Ibotyporanga ramosae Huber & Brescovit, 2003

Figs 74, 80–83

Ibotyporanga ramosae Huber & Brescovit, 2003: 19, figs 18–21 (♂).

Diagnosis

Males are distinguished from known congeners by strongly curved main branch of procursus (Fig. 81A–C; more than one entire turn; similar only in I. sertao sp. nov.); from possibly closest relative ( I. imale sp. nov.; according to molecular data, Fig. S2) also by shorter dorsal branch of procursus without bend. Females are externally possibly indistinguishable from putatively close relatives (species with a split procursus but without median sclerite in female internal genitalia: I. imale, I. guanambi sp. nov., I. capivara sp. nov., I. sertao); I. capivara seems to have longer legs (tibia 1>1.4); I. sertao is distinguished by internal genitalia with distinct pair of convoluted tubes and by absence of large median expandable sac. Females of I. imale and I. guanambi may be morphologically indistinguishable from those of I. ramosae .

Type material

BRAZIL – Bahia • ♂ holotype; São Desiderio, Gruta das Pedras Brilhantes; 12.418° S, 45.075° W (see Remark below); 8 Jul. 2000; E.F. Ramos leg.; pitfall, caatinga; IBSP 28758; presumably lost – see section ‘On lost types’ above .

New material examined

BRAZIL – Bahia • 1 ♂, without legs; São Desiderio, near Gruta da Passagem; 12.4177° S, 45.0743° W; 535 m a.s.l.; 28 Aug. 2016; L.S. Carvalho and B.T. Faleiro leg.; CHNUFPI 3730 • 1 ♂, very damaged; same collection data as for preceding; CHNUFPI 3742 • 1 ♀, without legs; same collection data as for preceding; CHNUFPI 3728 • 1 ♀ (epigynum lost after clearing), 3 juvs; same collection data as for preceding; CHNUFPI 3748 • 1 ♀, without legs; same collection data as for preceding; CHNUFPI 3794 • 1 ♀, without legs; same collection data as for preceding; CHNUFPI 4195 • 1 ♀; same collection data as for preceding but inside Gruta da Passagem; “Carv82”; CHNUFPI 3683 • 1 ♀, without legs; same collection data as for preceding; CHNUFPI 3782 .

Remark

The coordinates of the type locality given in Huber & Brescovit (2003) are wrong. The exact coordinates are those given above. The specimens newly examined here are from a neighboring cave and its surrounding in the same outcrop, less than 100 m NE of Gruta das Pedras Brilhantes.

Redescription of male (amendments, see Huber & Brescovit 2003)

Measurements of male in CHNUFPI 3730: carapace width 0.72; chelicerae width: 0.30; distance PME– PME 60 µm; diameter PME 70 µm; distance PME–ALE 25 µm; distance AME–AME 15 µm; diameter AME 45 µm; sternum width/ length: 0.47/0.42. Clypeus modified as usual in genus. Sternum with very low humps near coxae 1, not different from those in females.
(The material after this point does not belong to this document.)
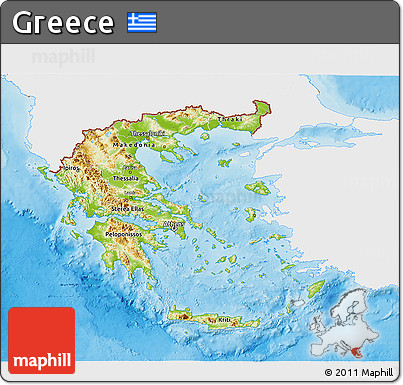 Physical 3D Map of Greece, single color outside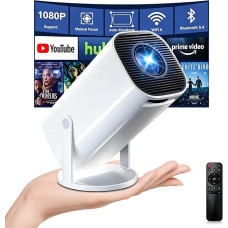Mini Projector 4K Full HD 1080P, Portable Projector with WiFi 6 and Bluetooth 5.4, Auto Keystone & Manual Focusing, 180° Rotation, Compatible with iOS/Android/HDMI/TV Stick/Laptop/PC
Tibia 1 in male in CHNUFPI 3742: 0.92; with numerous short vertical hairs on tibia 1. Palp as in Fig. 80; palpal femur retrolateral process distinct, not directed towards distal; femur-patella joints not shifted to one side; patella dorsally barely longer than medially wide; tibia-tarsus joints slightly shifted toward retrolateral side; procursus (Fig. 81A–C) main branch subdistally a wide band, one side sclerotized, other side membranous; dorsal branch of procursus much shorter than main branch, slender and weakly curved; genital bulb (Fig. 81D–F) with distinct prolateral sclerite on bulbous part, embolus with slender prolateral ridge.

Description of female

In general, similar to male but slightly darker, carapace also laterally sometimes with darker bands; clypeus unmodified; tibia 1 with few short vertical hairs; tibia 1 length in two females: 1.20, 1.23. Epigynum (Fig. 83A–B) anterior plate trapezoidal, posterior margin almost straight, anteriorly with weakly curved, shallow pocket; posterior plate relatively small. Internal genitalia (Fig. 83C–F) with pair of narrow pore plates laterally on curved membranous arc and very transparent and variably large anterior expandable membranous sac, possibly with lateral compartments or pouches.

Distribution

Known from type locality and neighboring area only, in Bahia, Brazil (Fig. 74).

Natural history

The spiders were found under rocks of a secondary arboreous caatinga, inside and outside arenitic caves. The region is altered by cattle and grazing, decreasing habitat quality. One egg sac had a diameter of 2.0, was slightly flattened, and contained about 25 embryos.